Si vous avez vu la bande-annonce, vous avez pu voir que le film est tourné dans un noir et blanc très lumineux, un noir et blanc qui n’est pas du tout un retour vers le passé ; mais qui peut peut-être se justifier par la volonté de donner un certain côté documentaire à cette fiction, en lien avec le métier du personnage principal, qui est journaliste. Ce NB donne aussi un côté plus uniforme aux décors, alors que le film est tourné dans 4 villes différentes, comme pour mieux se concentrer sur la relation entre les 2 personnages.

Ce film est donc à la fois un road movie, mais aussi un récit initiatique structuré par l’apparition à l’écran de titres de livres qui constituent les chapitres de l’histoire et donnent un côté littéraire au récit.

Le titre original c’mon, c’mon (= come on, come on), semble annoncer une certaine insouciance, ce qui est assez trompeur car le film n’est pas dénué d’une certaine noirceur liée à l’incompréhension entre l’enfant et le monde des adultes.

Le film alterne des séquences répétées mais aussi des improvisations souvent initiées par l’enfant. Et manifestement, dans ce film sur l’éducation, celui qui apprend, c’est l’adulte, incarné par Joaquin Phoenix.

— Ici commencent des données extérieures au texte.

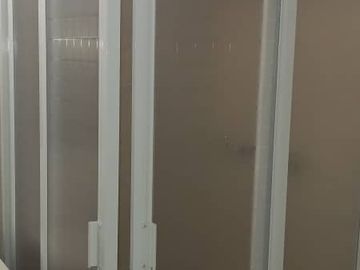 HERMOSA CASA RESINDECIAL DEL LAGO, AIRE ACONDICIONADO, MUROS ANTI RUIDO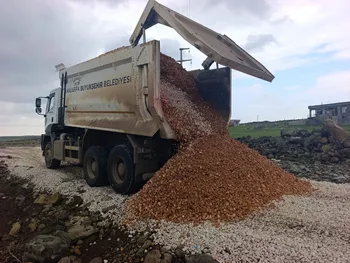 ŞANLIURFA’DA YAĞIŞ SONRASI YOL ÇALIŞMALARI ARALIKSIZ SÜRÜYOR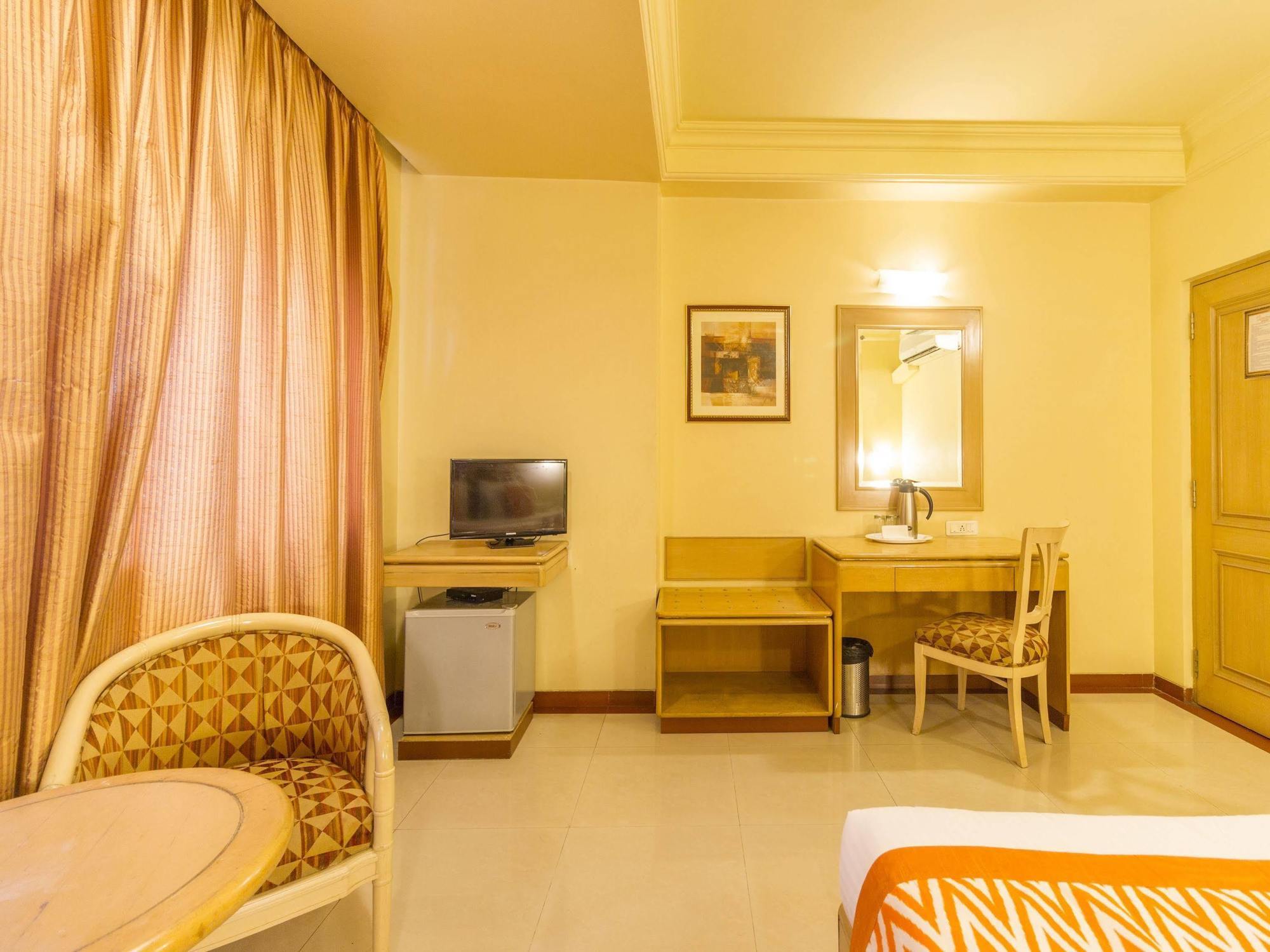 Capital O 333 Hotel Crystal Homes Bangalore Buitenkant foto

Joaquin Phoenix est finalement un acteur assez rare : les films dans lesquels il a joués récemment ne sont pas si nombreux (seulement une 12aine dans les années 2010). Son dernier rôle ? : Joker en 2019, et prochainement, il jouera Napoléon dans un film de Ridley Scott. Entre les 2 nous allons donc le découvrir ce soir dans un rôle plus intimiste. Je vous souhaite une bonne soirée en sa compagnie.

 

 

La pièce rapportée, d’Antonin Peretjatko

LA PIECE RAPPORTEE – 13 janvier 2022 – Présentation   Marion Magnard

Antonin PERETJATKO est né à Grenoble en 1974. Sa famille s’installe ensuite à Brest où Antonin fait toute sa scolarité. Déjà passionné de cinéma, il fera partie dès son plus jeune âge de l’atelier vidéo de son patronage brestois. Après son bac, il décide d’aller à Paris préparer un DEUG Physique-chimie qui lui permettra d’intégrer à Saint Denis l’Ecole Louis LUMIERE, créée en 1926 par Louis Lumière pour enseigner les techniques du cinéma. Quand Antonin en sort diplômé, il ne connait personne dans ce monde qui pourrait le pistonner. Il nous raconte : « j’ai vu une porte entr’ouverte, je l’ai poussé du pied et je suis entré ». Il débute au pied de l’échelle, comme « assistant caméra », tourne des courts métrages, puis réussit à obtenir des Commissions spécialisées dans l’accompagnement des projets de leurs anciens élèves de l’Ecole un financement de 400 000 euros pour le tournage de son premier film, « la fille du 14 juillet », un film percutant, fou, décalé, drôle et triste, tout ce qui sera sa marque de fabrique.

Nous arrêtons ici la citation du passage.